The Fed Chairman, in an unusual display of public support for White House policy, urged the Senate Budget Committee to move rapidly on the Obama administration's budget, and warned that the United States could face "a prolonged episode of economic stagnation" if they did not. Delaying the budget could trigger "further deterioration in the fiscal situation" and cause "lower output, employment and incomes for an extended period."
In the early afternoon, with the stock market demonstrating continued investor nervousness, Obama himself took the occasion to deliver a pep talk, in remarks to reporters during a brief appearance with visiting British Prime Minister Gordon Brown.
In response to a question about the stock market slump, Obama initially gave a boilerplate response about not focusing on "day-to-day gyrations" but then went on to deliver what amounted to a "buy" recommendation. "What you're now seeing is profit and earning ratios are starting to get to the point where buying stocks is a potentially good deal if you've got a long-term perspective on it," he claimed.

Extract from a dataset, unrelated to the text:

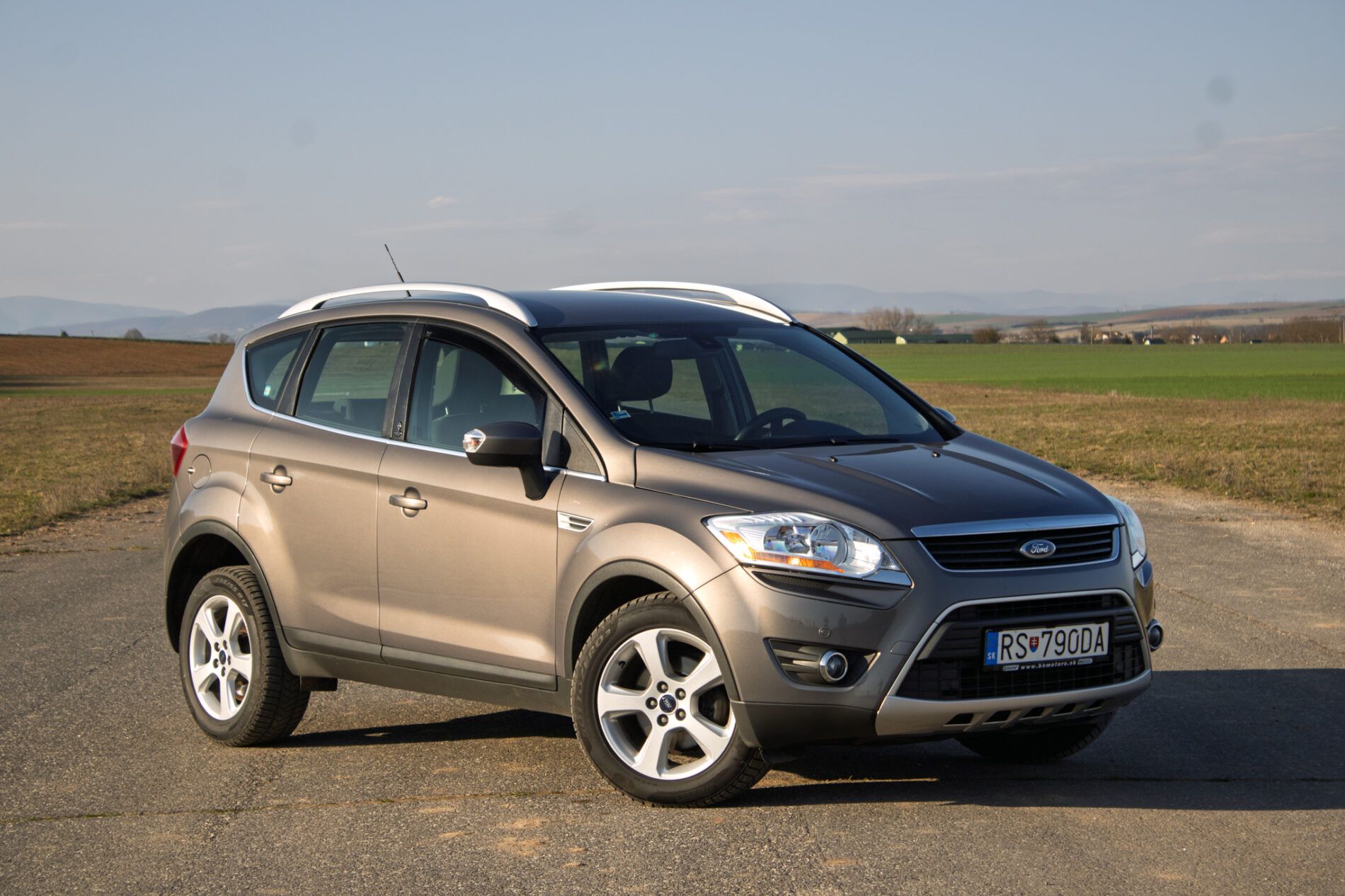 Ford Kuga - fotka 3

A more sober view would be that when the president of the United States must go out of his way to shill for the stock exchange, the financial calamity must be of truly monumental proportions.
World capitalism is plunging into a crisis as severe as the Great Depression, with political implications no less ominous. The jobs, living standards and well-being of billions of working people around the world are being held hostage to the anarchy of the financial markets and the profit drive of a capitalist aristocracy that will stop at nothing to defend its wealth and privileges.